Today though, Sure Start is under threat. When questioned the day before the last general election on whether the Tories were pledged to protect the scheme, a visibly irritated David Cameron replied:

“Yes, we back Sure Start. It’s a disgrace that Gordon Brown has been trying to frighten people about this”.

This would, it seems, appear categoric. But figures unearthed by the Sun newspaper last week reveal that 281 centres have closed since May 2010. This follows on from a speech in early July from Conservative MP Nick Boles, a loyal Cameroon and key Conservative thinker, who, in a speech to the Resolution Foundation, suggested the Sure Start budget had largely been “wasted” and based on “lazy sentimentalism”.

This is not to say that the scheme has been an unqualified success. It hasn’t. Indeed Blair in 2006 unexpectedly said that Sure Start had been a disappointment. The multi-billion-pound project had, he said, failed to make sufficient progress in improving the lives of Britain’s most marginalised families. His central criticism was that the most socially-excluded people, by their very nature, were “not going to come to places like Sure Start”.
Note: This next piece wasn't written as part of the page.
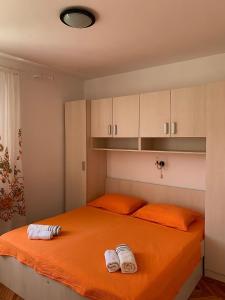 une chambre avec un lit orange avec deux serviettes dessus dans l'établissement Apartments Pahljina, à Rab
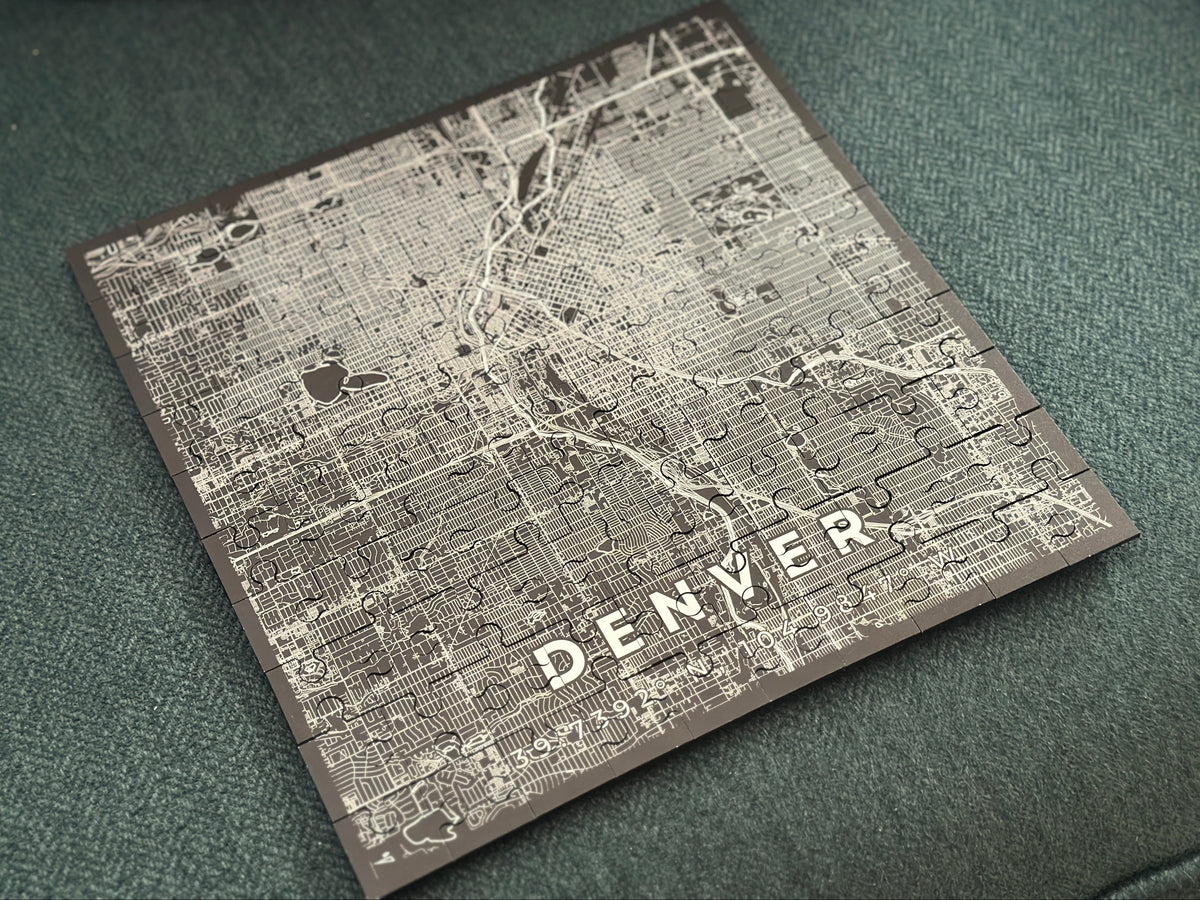 A square jigsaw puzzle featuring a vintage-style street map of Denver, Colorado, with the city name etched in white at the bottom, resting on a textured dark green fabric surface.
More needs to be done to iron out the inefficiencies in the patchwork coverage of Sure Start centres across the country. But the mission should be to renew, not cut, them. A distinctive element of Sure Start has always been its willingness to allow projects to be developed locally, leading to wide regional variation between the types of services. A Sure Start centre in Bloomsbury will not be the same as one in Birmingham.
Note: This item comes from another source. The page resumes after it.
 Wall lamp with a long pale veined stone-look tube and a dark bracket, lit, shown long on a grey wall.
The argument over Sure Start cuts will come down to, partly, the mismatch between the political timetable and the timetable for sound policy. It takes years to set up a new Sure Start centre and decades for reliable empirical evidence to formulate. Politicians who want to keep their jobs now need to prove to voters that they have made a difference within four or five years. But it will also come down to ideology. Cameron was so wrought up about the questioning over his Sure Start support because it played to his, and the wider electorates deep fear, that the Tories simply do not care about anyone else but their own.

The concept of breaking a cycle of deprivation and inequality, of providing the very best, free, childcare and parental support, whilst enhancing life chances of the many, is one that all Labourites should be able to subscribe to. In an act of perverse redistribution, the Tories have signalled their intent and it has been the poorest areas that have already been hit the hardest. As Labour slogans so often say: don’t let the Tories get away with it.